Country Funk wasn’t ever a thing, not really anyway. It’s not some long-forgotten part of music history, or a subgenre that’s been buried by time. The term “country funk” wasn’t really on anybody’s lips as we transitioned from the ’60s into the ’70s. And yet, here we’re presented with Country Funk 1969-1975, a new compilation from Light in the Attic, a label that knows quite a bit about reissuing classic material and putting together compelling compilations.

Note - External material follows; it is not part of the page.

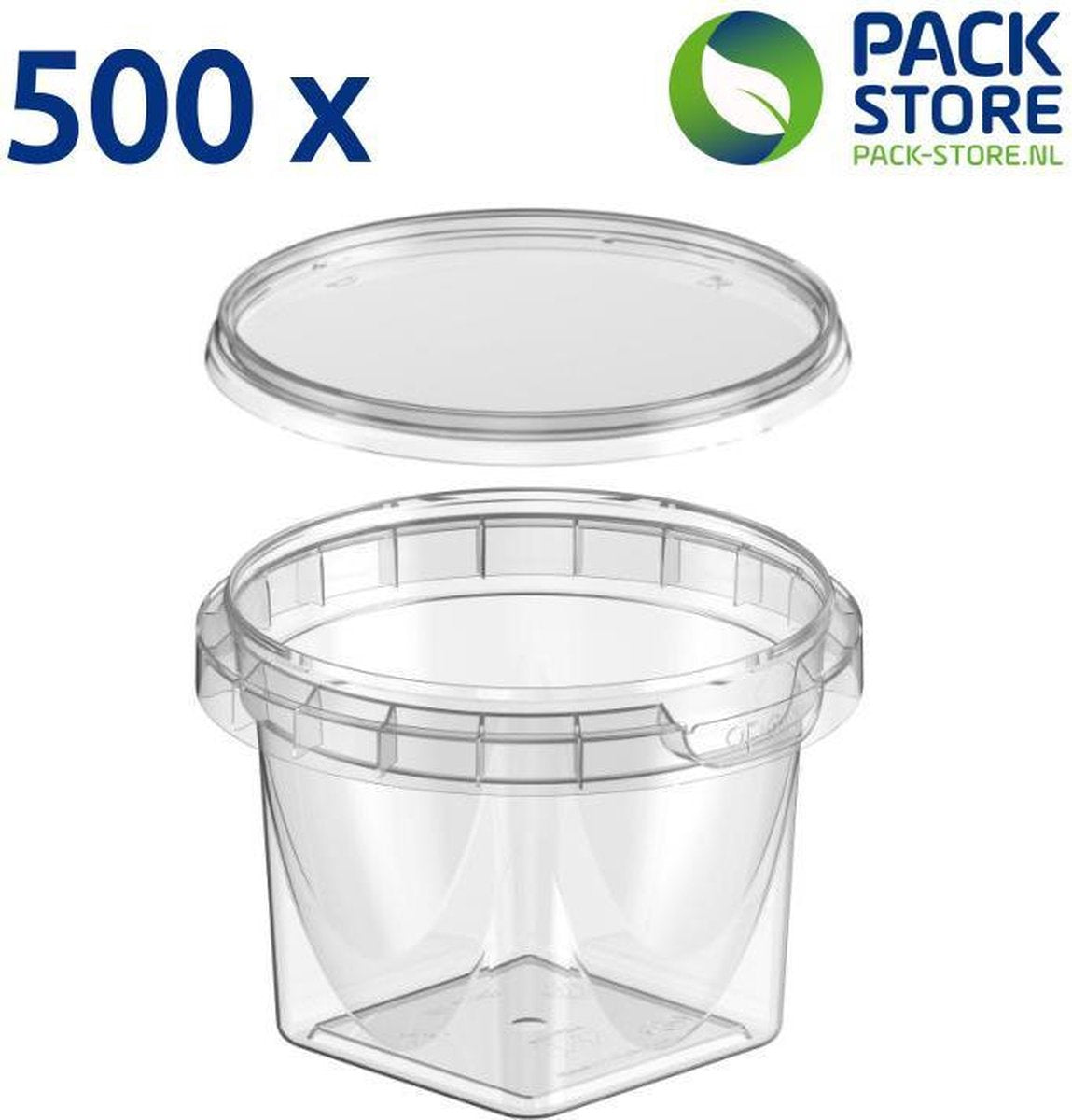 Plastic bakjes rond Ø95mm (240ml) - Transparant met deksel - 500 stuks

Country Funk 1969-1975, despite its claim that the genre existed, isn’t trying to revise history so much as it is smartly connecting dots. As country music grew popular and its artists drifted away from Nashville, often — as these songs document — heading to LA for fame and fortune, the palate of country music expanded. Since it rose organically out of folk music, among other traditions, it was malleable. So here we see R&B and soul working its way in with sultry backing vocals and, yes, funky bass lines along with syncopated drums. We’re given some pretty popular examples of this in classics like Bobby Charles’s “Street People” and Link Wray’s “Fire and Brimstone”, both of which sound revitalized here among like-minded tunes.
One of the great things Country Funk is show how this music crosses racial lines, and not just in sound. We get a black singer-songwriter like “Johnny Adams” delivering the kind of swampy country-rock Duane Allman spent his life perfecting. Meanwhile, Johnny Jenkins turns in maybe the best tune here with “I Walk on Gilded Splinters”, a song written by Dr. John but made brilliant by the interplay of Jenkins’s guitar with, who else, Duane Allman. On the flip side, country singer Bobbie Gentry turns in a soul burner with “He Made A Woman Out of Me”, the kind of sultry track that would give Roberta Flack’s “Reverend Lee” a run for its money. There’s also Tony Joe White’s half-goofy “Stud Spider”, which sounds like a dusty, backroad take on the R&B spoken-word tradition.
With the mix of country dust and funk sweat in these songs, it also create opportunities for the songs to also twist and question long-standing thematic tropes. The compilation begins with three songs — Dale Hawkins’s “LA Memphis Tyler Texas”, John Randolph Marr’s “Hello LA, Bye-Bye Birmingham”, and Johnny Adams’s “Georgia Morning Dew” — that all break from the deep regionalism and homeland pride of country music. Adams’s ends up being the most poignant, as he muses on his home from the West Coast, but we still see people not wandering the highways on that romantic lark, but relocated somewhere new and taking in a new atmosphere. Even Larry Jon Wilson’s “Ohoopee River Bottomland” — as brilliant here as it is on the classic Heartworn Highways documentary — which celebrates country living, feels a bit removed and reminiscent of it. We see the truck drivin’ subject of Dennis the Fox’s campy “Piledriver” turn out to be a woman, not a hardened man. We also have stuff like Bob Darin’s “Light Blue”, which is a revision of an entire musical persona. This isn’t the same Bobby Darin that sang “Mack the Knife”. Instead, this is the Darin involved closely with Robert Kennedy’s presidential run. The Darin that was there when Kennedy was killed and then sold his possessions and lived in near seclusion and started making dark, sludgy, beautiful tunes like “Light Blue”.
All over Country Funk we see people trying new sounds, trying on new hats, living in new locales, testing out new ideas. It’s often fascinating, and the songs nearly all have an immediate thump that’s hard to ignore. But if the overall effect of the compilation is a strong one, there are some holes. For one, if these songs seek to turn country themes on their head, they can sometimes over correct. Mac Davis’s “Lucas Was a Redneck” may work against the strain of country music that romanticizes this kind of character, but Lucas comes off as too despicable here and Davis seems all too giddy to tear him down. “Who’s gonna miss you when you’re gone?” he sneers. “Will it be the black man you call a nigger, the hippie that you beat up just ’cause you was bigger?” Davis may be right to tear this kind of thing down, but there’s little nuance to it, and his version ends up being as easy and cartoonish as its counterparts. Similarly, Dennis the Fox’s “Piledriver” may be a woman, but she’s still objectified and not empowered by her seemingly unorthodox profession.
Country Funk 1969-1975 is still an awfully impressive feat, and a singular kind of compilation. Rather than dig into a genre we already know, or mine a famous part of musical history for new ideas — or worse, old ideas repackaged — this disc proposes a new idea, that some unified thing was happening, even if the people involved weren’t totally aware of it, even if we hadn’t given it a name, until now.